Ailleurs, les traditions prennent des formes étonnantes : à Penacova ou Coimbra, on célèbre l’Enterro do Bacalhau, une cérémonie satirique moquant l’austérité du carême ; à Montalegre, c’est la Queima do Judas qui attire les regards, avec l’effigie du traître réduite en cendres dans une mise en scène cathartique. Dans le sud, à São Brás de Alportel, les rues se couvrent de tapis de fleurs pour la Procissão das Flores, vibrant hommage à la résurrection.

Le Compasso Pascal : une foi de porte en porte

Compasso Pascal

Dans de nombreux villages, une tradition vieille de cinq siècles perdure : le Compasso Pascal. Un prêtre, accompagné de paroissiens, parcourt les maisons en brandissant une croix, bénit chaque foyer à l’eau bénite et invite les familles à embrasser la croix en signe de foi. Les portes ouvertes, décorées de pétales de fleurs, signalent la volonté d’accueillir la bénédiction. Cette visite pascale est souvent accompagnée d’offrandes de friandises, de fruits secs, voire d’un petit buffet improvisé. Un moment de convivialité et de partage fort en émotion.

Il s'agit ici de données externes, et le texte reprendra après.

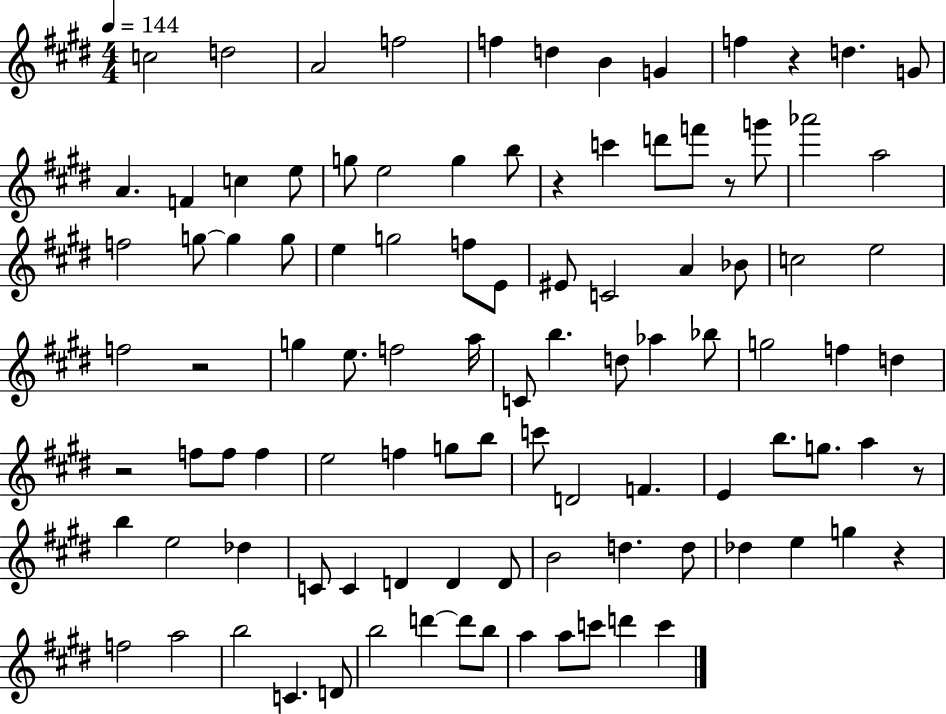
{
  \clef treble
  \numericTimeSignature
  \time 4/4
  \key e \major
  \tempo 4 = 144
  c''2 d''2 | a'2 f''2 | f''4 d''4 b'4 g'4 | f''4 r4 d''4. g'8 | \break a'4. f'4 c''4 e''8 | g''8 e''2 g''4 b''8 | r4 c'''4 d'''8 f'''8 r8 g'''8 | aes'''2 a''2 | \break f''2 g''8~~ g''4 g''8 | e''4 g''2 f''8 e'8 | eis'8 c'2 a'4 bes'8 | c''2 e''2 | \break f''2 r2 | g''4 e''8. f''2 a''16 | c'8 b''4. d''8 aes''4 bes''8 | g''2 f''4 d''4 | \break r2 f''8 f''8 f''4 | e''2 f''4 g''8 b''8 | c'''8 d'2 f'4. | e'4 b''8. g''8. a''4 r8 | \break b''4 e''2 des''4 | c'8 c'4 d'4 d'4 d'8 | b'2 d''4. d''8 | des''4 e''4 g''4 r4 | \break f''2 a''2 | b''2 c'4. d'8 | b''2 d'''4~~ d'''8 b''8 | a''4 a''8 c'''8 d'''4 c'''4 | \break \bar "|."
}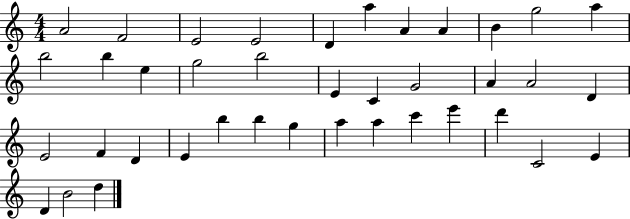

Les traditions culinaires de la résurrection

Folar
Folar pascoa

À Pâques, la table portugaise se fait généreuse et symbolique. Le plat emblématique, c’est le folar, ce pain traditionnel chargé de significations religieuses et païennes, qui varie d’une région à l’autre. . Dans le nord, il se décline en version garnie de charcuteries : salpicão, presunto, vitela… Dans les Beiras, on y trouve des œufs cuits entiers, décorant la croûte comme un signe de fertilité et de renouveau. À Olhão, dans l’Algarve, il devient un gâteau caramélisé aux parfums de cannelle et de sucre fondu.

cabrito assado
Cabrito assado

Le cabrito assado (chevreau rôti) est aussi un incontournable, souvent accompagné de pommes de terre et d’herbes aromatiques. À Coimbra, c’est la chanfana — de la chèvre mijotée au vin rouge — qui est à l’honneur. Et pour clore le repas, les amêndoas (amandes dragéifiées) et le pão-de-ló de Ovar, au cœur coulant, prennent place sur les tables familiales.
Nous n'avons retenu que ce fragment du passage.